Westford Climate Action
Did you know about the plan to do logging at the Stony Brook Conservation Land (East Boston Camps)? The Conservation Commission’s logging plan calls for heavy thinning of most of the forest and for clear-cutting of at least twelve acres. The plan will be presented and may be voted on at the Conservation Commission’s meeting on September 22, 7:35 p.m. We urge residents who may have concerns about this to attend the meeting. If you cannot attend, we urge you to write a letter to the Commission with your concerns.
It is unclear to us why this drastic activity is planned. The plan states that the logging would attract more diversity of birds to the land. But we have 15 years of data on the bird sightings at East Boston Camps, and there is already great diversity. The preliminary list notes 93 different species that have been documented there–all the species that should be there.
Since this plan was written, thinking about forest management has changed at the Commonwealth and Town level.
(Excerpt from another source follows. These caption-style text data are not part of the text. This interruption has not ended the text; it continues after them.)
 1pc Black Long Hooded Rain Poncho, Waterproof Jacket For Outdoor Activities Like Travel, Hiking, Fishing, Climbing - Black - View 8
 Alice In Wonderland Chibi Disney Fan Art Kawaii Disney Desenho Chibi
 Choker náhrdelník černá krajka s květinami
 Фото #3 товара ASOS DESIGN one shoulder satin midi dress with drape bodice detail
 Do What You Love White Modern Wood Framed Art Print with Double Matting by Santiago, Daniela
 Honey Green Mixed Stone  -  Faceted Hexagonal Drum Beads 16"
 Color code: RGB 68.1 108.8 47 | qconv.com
The Commonwealth has passed a sweeping climate change law which asks all towns to commit to reduce net carbon emissions to zero by 2050. Climate change has become a primary concern in Westford. We know that leaving trees alone to perform their natural processes of growing, is the only method that can take carbon out of the atmosphere. Trees begin doing their best job of sequestering carbon starting at age 50 or 60 years.
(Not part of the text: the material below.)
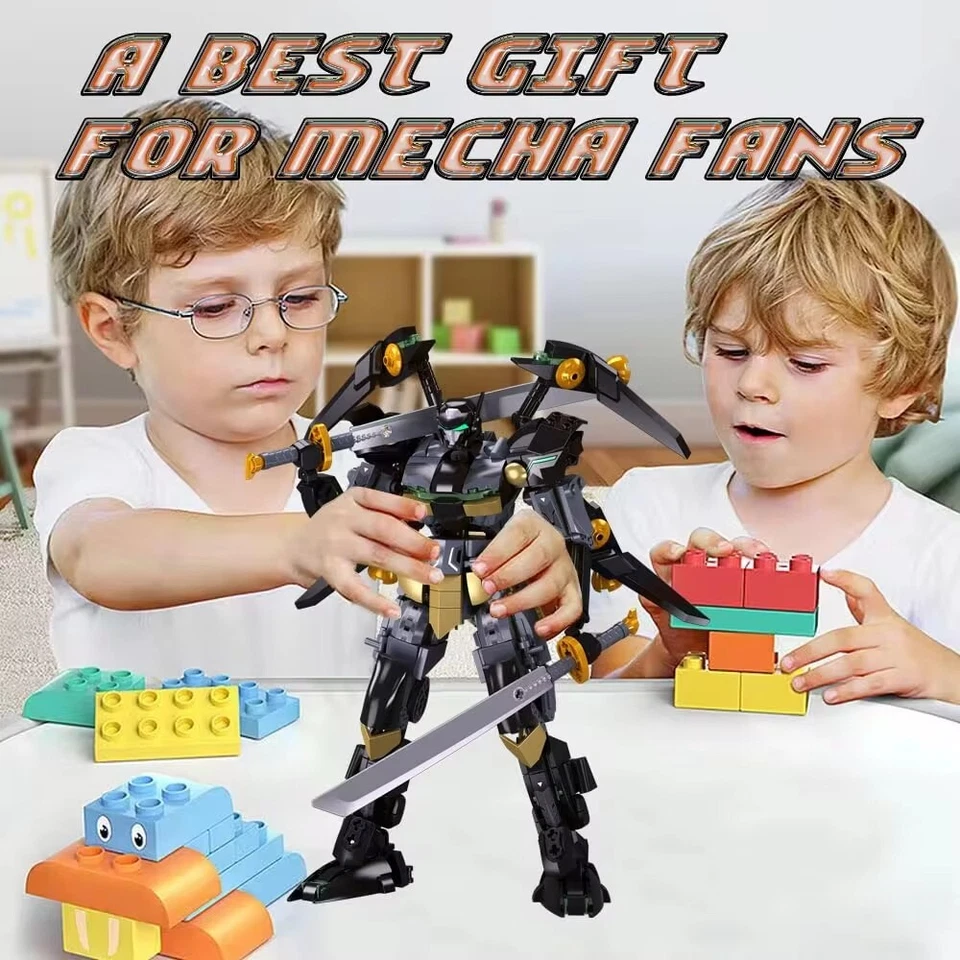 Sluban 534PCS Black Bat Mecha Robot Building Blocks Joint Movable Action Figure - Image 2 of 4
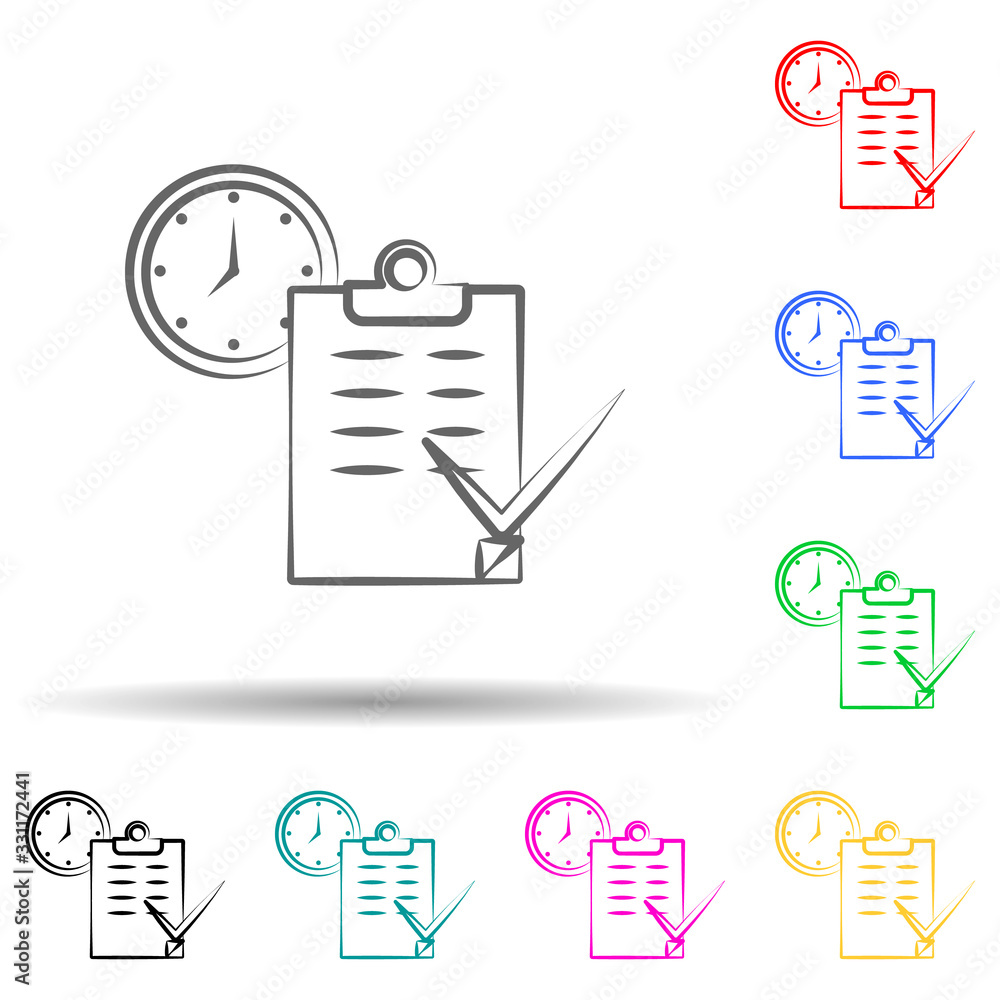 Poster business, contract hand drawn multi color set icon. simple thin line, outline vector of business ico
The forest at East Boston Camps is about the age at which it is doing the most work to help us to control the amount of carbon in our atmosphere. Cutting down older trees to allow younger ones to grow, or even worse, cutting down older trees to make a field would be taking our climate in exactly the wrong direction.
The Clean Energy and Sustainability Committee is drafting Westford’s Roadmap to 2050 in response to the Town’s resolution to achieve net zero by 2050. Massachusetts experts agree that retaining as many trees as possible is essential to meeting this goal. We will not meet net zero in Westford solely by reducing emissions. Trees, and the carbon they sequester, are an essential part of the equation.